Le Concile lui-même le précise : la Mère du divin Rédempteur fut "généralement associée à son oeuvre d’une manière absolument unique": "(...) En souffrant avec son Fils qui mourait sur la croix, elle apporta à l’oeuvre du Sauveur une coopération absolument sans pareille par son obéissance, sa foi, son espérance, son ardente charité, pour que soient rendues aux âmes la vie surnaturelle. C’est pourquoi elle est devenue pour nous, dans l’ordre de la grâce, notre Mère" (n. 61). "Après son assomption au ciel, son rôle dans le salut ne s’interrompt pas : par son intercession répétée elle continue à nous obtenir les dons qui nous assurent notre salut éternel". C’est la raison pour laquelle Marie "est invoquée dans l’Eglise sous les titres d’avocate, d’auxiliatrice, de secourable, de médiatrice" (n. 62).

Au titre de médiatrice, pouvons-nous ajouter celui de corédemptrice?

Au titre de médiatrice, pouvons-nous ajouter celui de corédemptrice? À la lumière de ce qui précède, la réponse est affirmative. Le Concile lui-même d’ailleurs, pour éviter toute fausse interprétation, ajoute que l’emploi de ces titres, est légitime s’il est entendu "de telle sorte que nulle dérogation, nulle addition n’en résulte quant à la dignité et à l’efficacité de l’unique médiateur, le Christ" (ibid). On relèvera que ce titre de corédemptrice ne figure pas dans le texte conciliaire. On peut penser que cette absence voulue obéissait à une motivation oecuménique. Il eût demandé de plus larges développements.

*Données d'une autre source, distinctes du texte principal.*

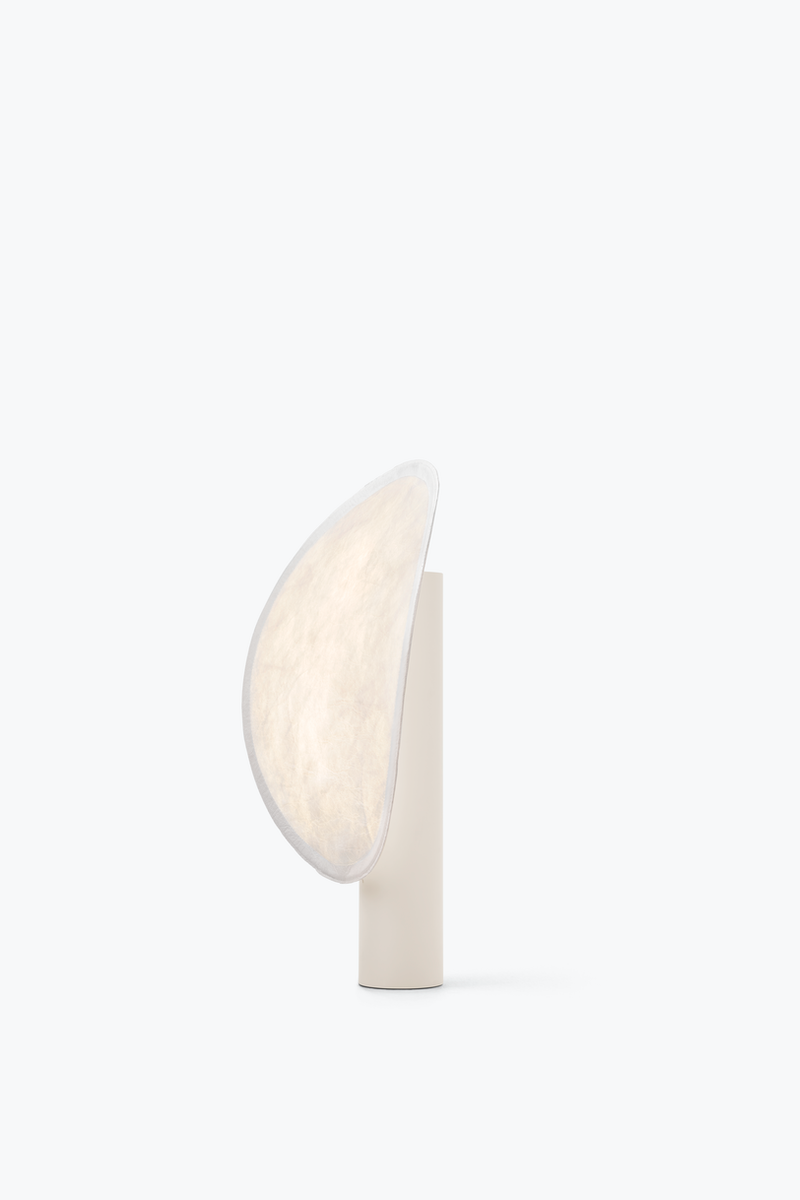 Tense Table Lamp - Portable, White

Il est vrai que si le terme de corédemption devait évoquer une juxtaposition et une addition à l’oeuvre salvatrice du Sauveur, il serait à rejeter avec vigueur. C’est prévenue, suscitée, contenue par le sacrifice rédempteur du Christ, d’une manière subordonnée, participée, en totale dépendance à son égard, que s’entend la corédemption de Marie au pied de la croix, comme est pleinement compénétrée par l’intercession de son Fils dans la gloire, sa médiation d’intercession au ciel.

La vocation de tous les baptisés à la sainteté les porte à participer au mystère du salut

Le Concile a énoncé le principe qui, traduisant une intuition de foi, commande toute réflexion théologique en ce domaine : "Car toute influence salutaire de la part de la bienheureuse Vierge sur les hommes a sa source dans une disposition purement gratuite de Dieu : elle ne naît pas d’une nécessité objective, mais elle découle de la surabondance des mérites du Christ ; elle s’appuie sur sa médiation, dont elle dépend en tout et d’où elle tire toute sa vertu ; l’union immédiate des croyants avec le Christ ne s’en trouve en aucune manière empêchée, mais au contraire aidée" (n. 60).

À la lumière de ce principe, nous comprenons en quel sens Marie, à un titre unique, est corédemptrice, comme aussi proportionnellement l’Eglise est corédemptrice. Nous comprenons encore en quel sens, la vocation de tous les baptisés à la sainteté les porte à participer au mystère du salut. Chacune de ces participations est comme une épiphanie de la fécondité de la croix de Jésus.